Image:Moving Domino NIF indexes out of the NSF

Oooh. Off I go to look at the new NIF drive and sure enough there it is:

Image:Moving Domino NIF indexes out of the NSF

Humm. Not a lot of savings....25MB (about 8% savings, and not a lot of folders). OK, let's try my archive mail file, that's a big-ish one:

Image:Moving Domino NIF indexes out of the NSF

Better. About 11% of the archive were view indexes (archive is 6.5GB logical size...not physical).

So what are we seeing here? Well, I think you'd see much larger savings, 25% or more, if you have a custom application with lots and lots of heavily used views and lots and lots of documents.
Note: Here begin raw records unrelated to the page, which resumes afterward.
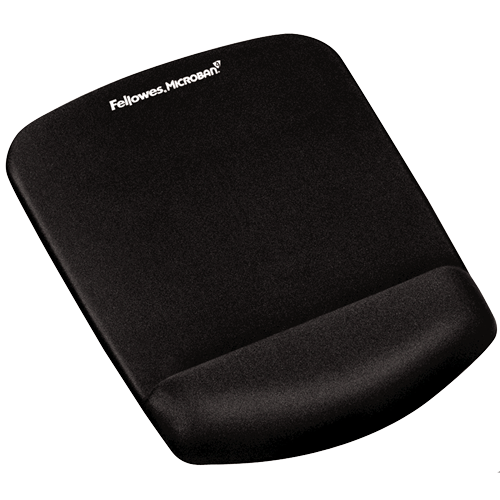 Fellowes PlushTouch Foam Mouse Pad Wrist Support with MICROBAN - Black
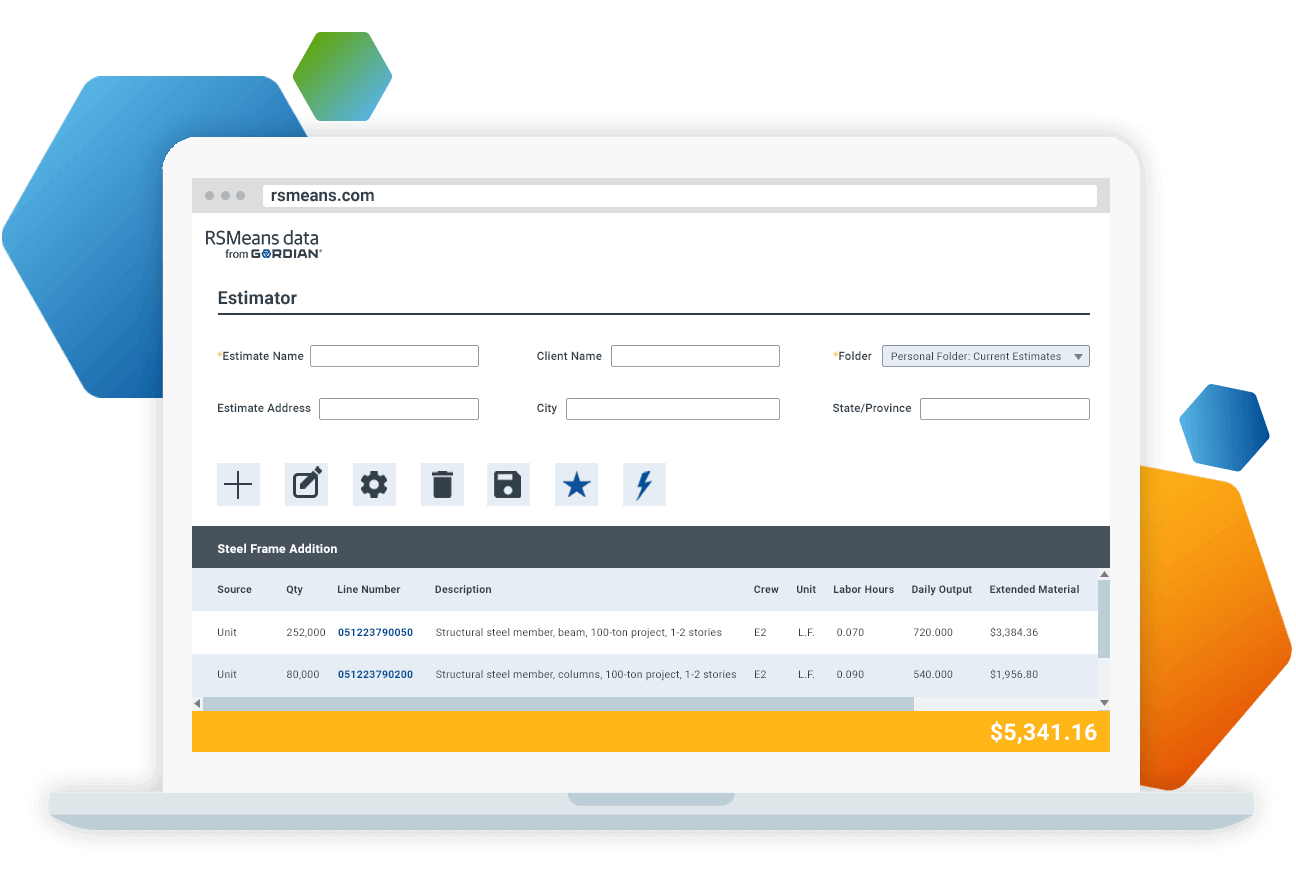 screenshot of RSMeans Data Online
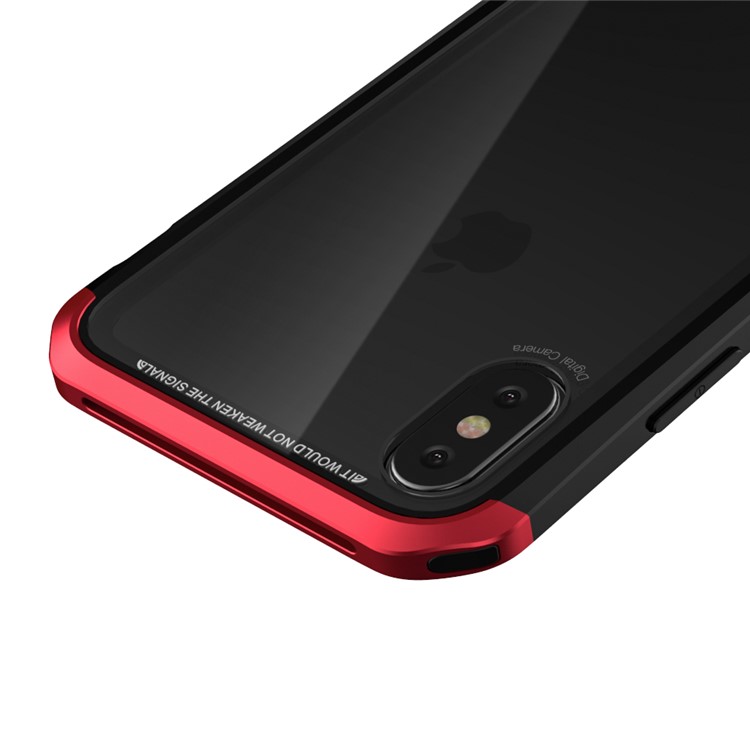 LUPHIE for iPhone X Double Dragon Tempered Glass Back + PC Metal Bumper Hybrid Case - Red-7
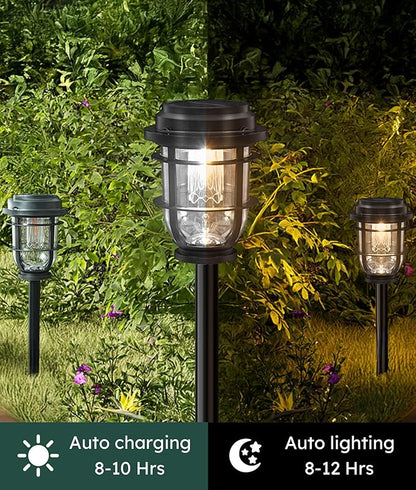 Bright Solar Pathway Lights Outdoor, 8 Pack Waterproof IP65, Auto On/Off Solar Powered Garden Lights for Yard Lawn Walkway Landscape Pool Outside - 3-in-1 Hanging, Tabletop & Stake Lighting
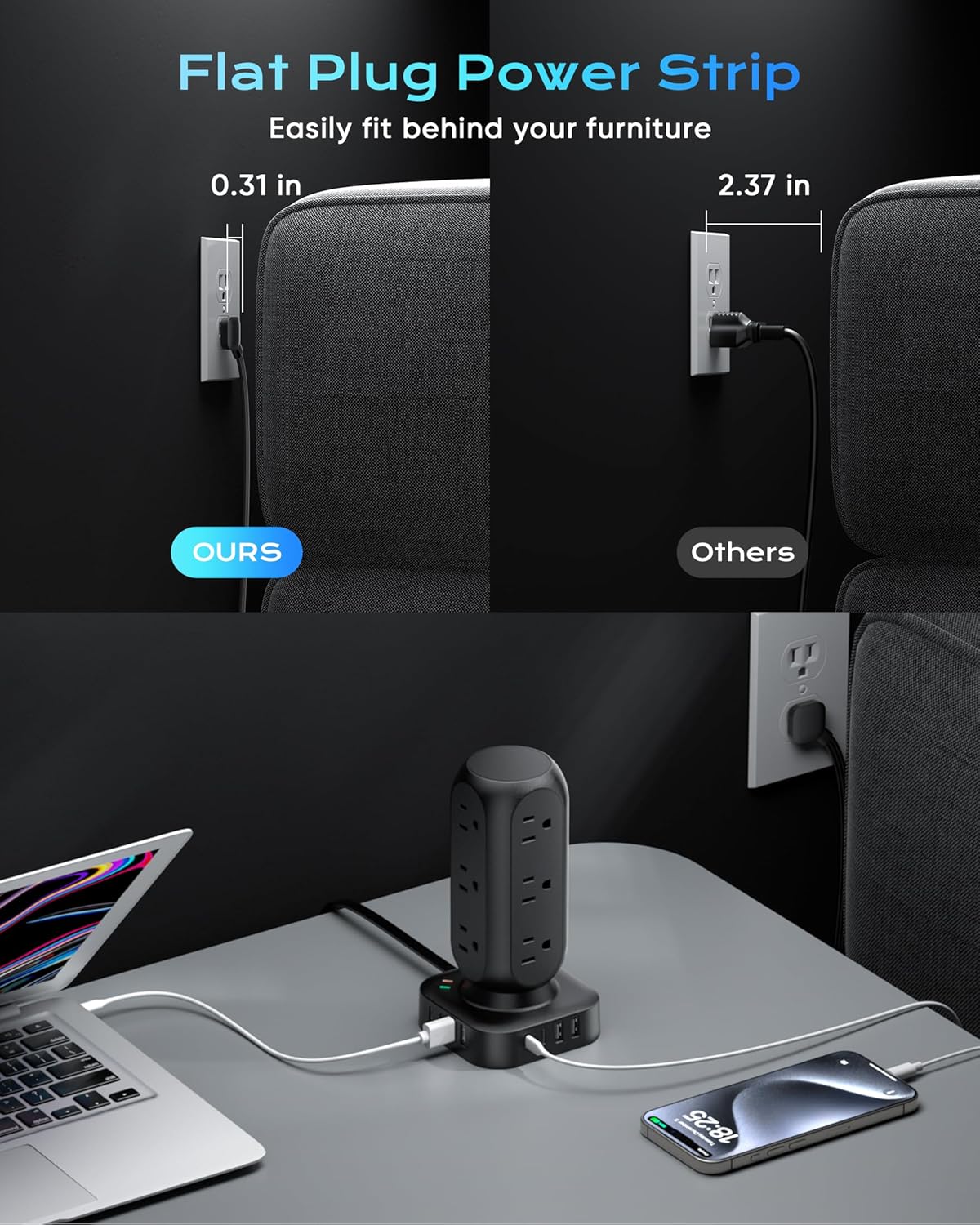 TenTrend Power Strip Tower, 4.8A Fast Charging Tower, 5 FT Extension Cord | 12 AC Outlets & 8 USB Ports (4USB-C), Flat Plug Charging Station for Home, Office, Dorm Room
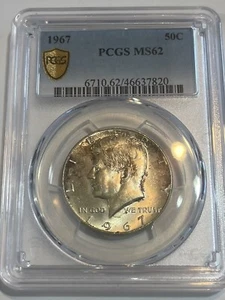 1967 KENNEDY HALF DOLLAR PCGS MS62 - Picture 1 of 2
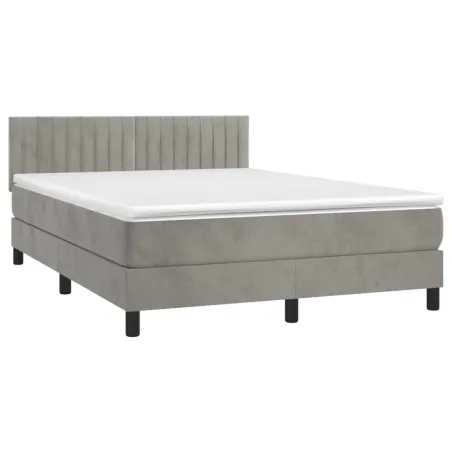Sommier à lattes de lit avec matelas LED Gris clair 140x200 cm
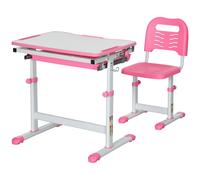 HOMCOM Banchetto Scuola Inclinabile 45° e Sedia ad Altezza Regolabile Rosa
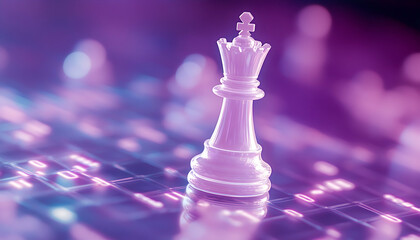 Illuminated chess queen on digital board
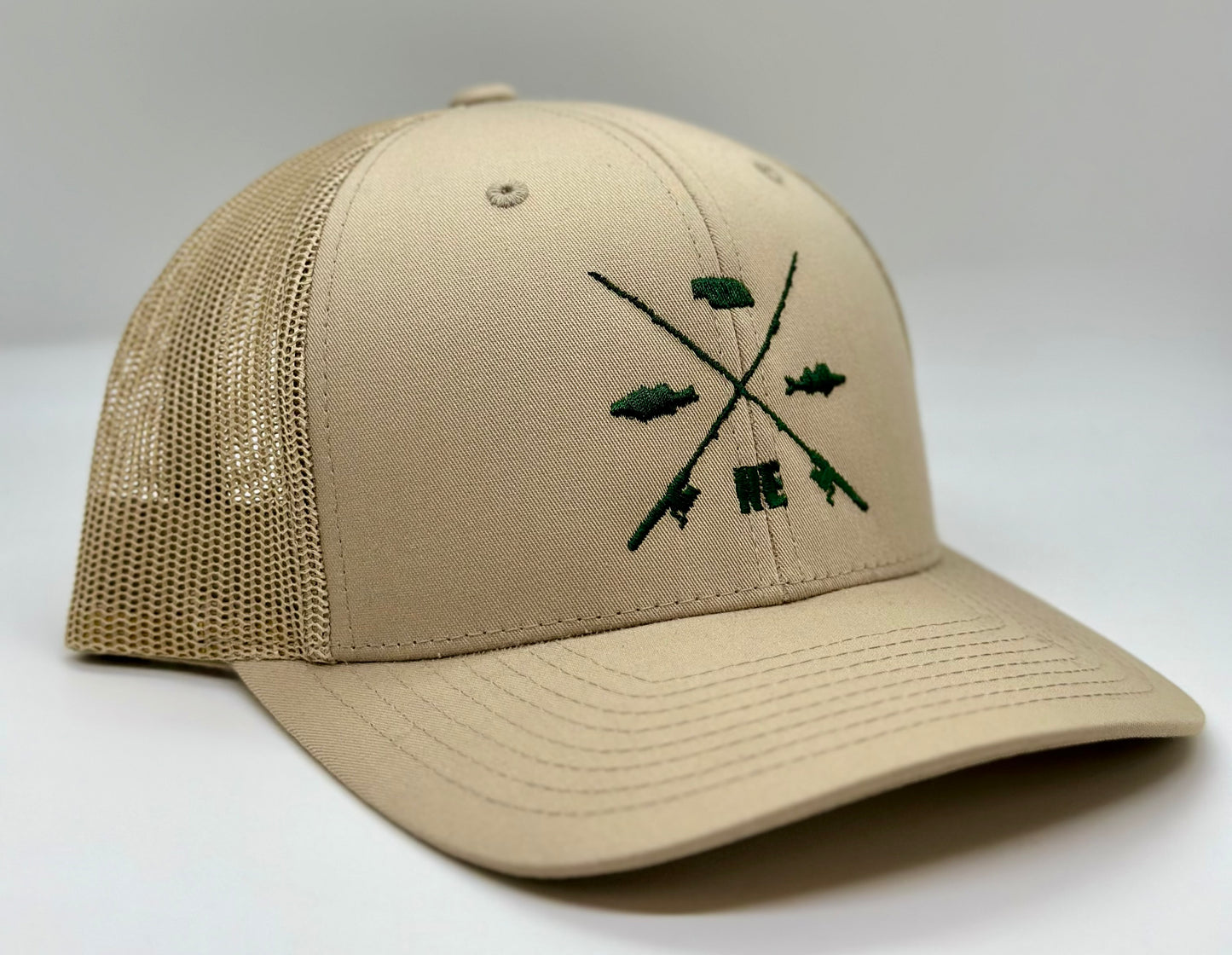 Nebraska Bass and Walleye Fishing Trucker Hat Khaki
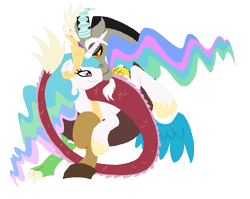 Size: 874x695 | Tagged: safe, artist:kiananuva12, imported from derpibooru, discord, princess celestia, alicorn, draconequus, pony, dislestia, duo, female, male, shipping, simple background, straight, transparent background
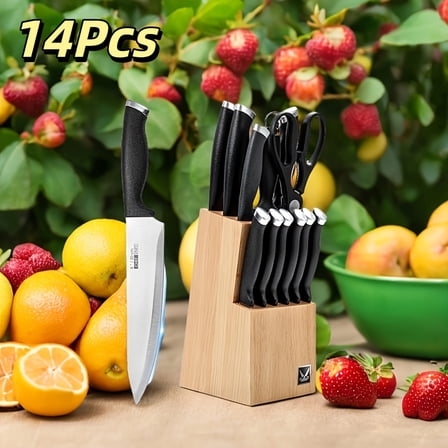 14-16pcs Kitchen Knife Set with Wooden Block, Sharpener, Steak Knives, Hammered Stainless Steel, Gift for Home & Chef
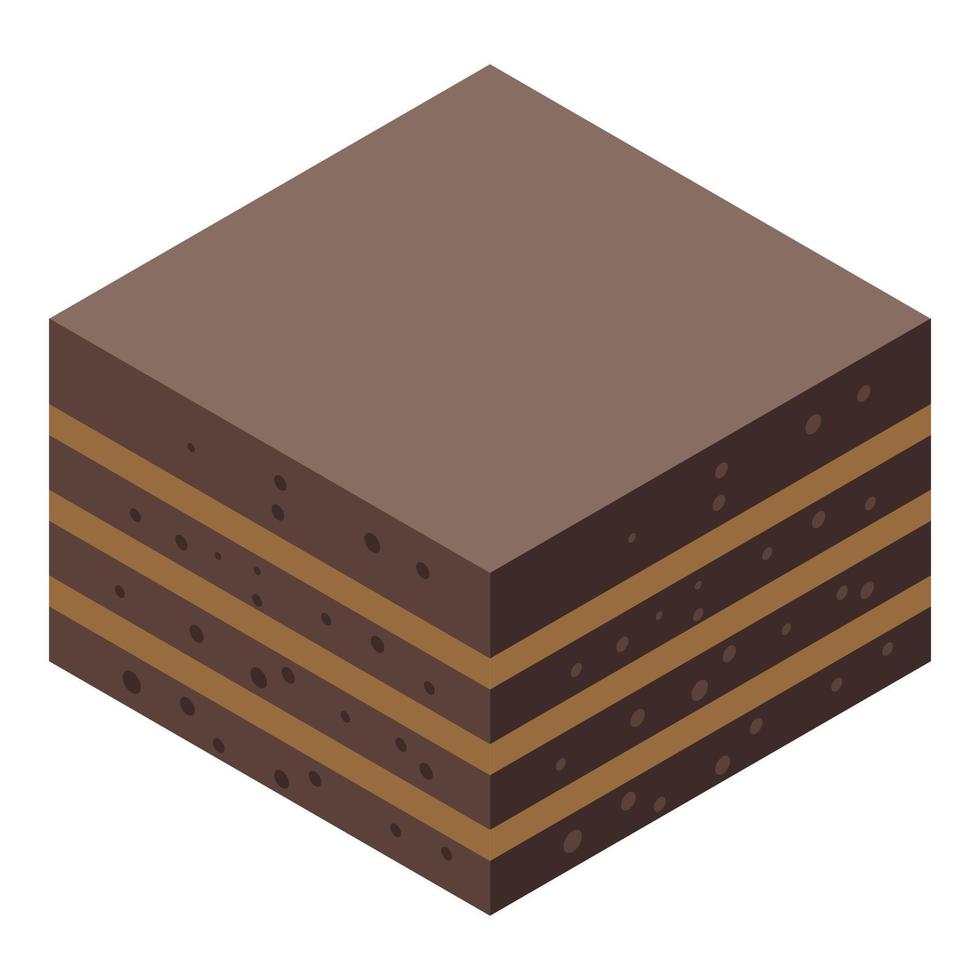 Chocolate cake icon, isometric style vector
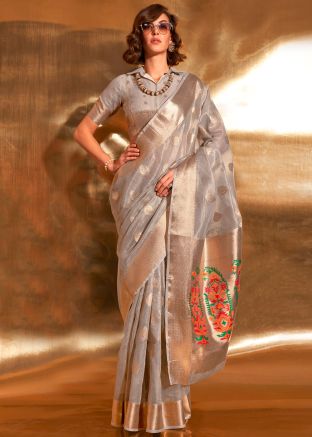 Grey Tissue Silk Saree In Woven Work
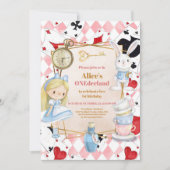 Girl Alice in Wonderland 1e verjaardag Tea Party Kaart (Voorkant)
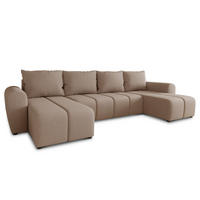 WOHNLANDSCHAFT Cleo U - Beige, Holz/Textil (315/90/147cm) - Sofnet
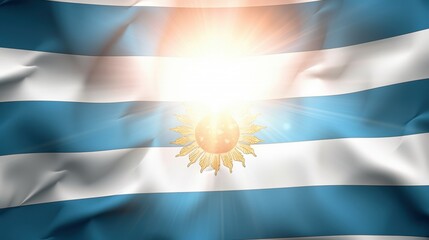 Fototapeta premium Vibrant Display of the Flag of Argentina with a Bright Sun Emblem Amidst Soft Blue and White Waves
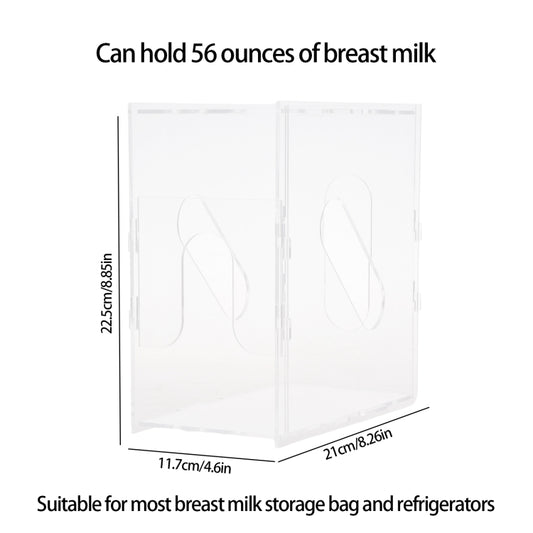 Clear acrylic breast milk storage container with double-compartment doors and side handles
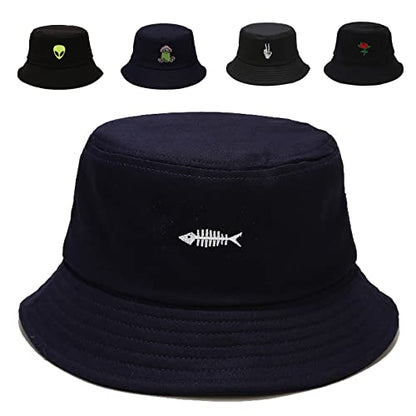 Cotton Bucket Hat for Women Men Summer Travel Sun Beach Bucket Cap, Unisex Outdoor Fisherman Hat - color: Fish Bones Black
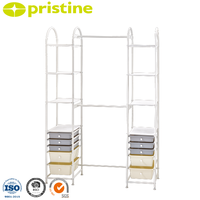 Porte-manteau autoportant moderne en fer robuste avec 1 étagère et tiroirs – Unité de rangement gain de place pour salon, chambre et mobilier de maison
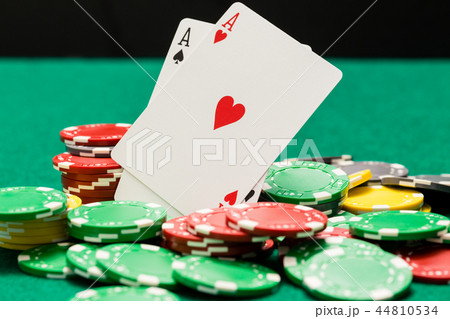 Pair of aces and OOF casino chips 44810534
And if that app is, oh, let's say 40GB then you can shave 10GB+ off that size that is not a bad thing. Mail seems to be between 5-15% for the record. Still that *could* equate to 15% off the time to backup your data, so even that maybe worth doing in your environment.

In some environments it may also be useful doing the Domino Directory, in this case (and for admin4 and log) the server needs to be down.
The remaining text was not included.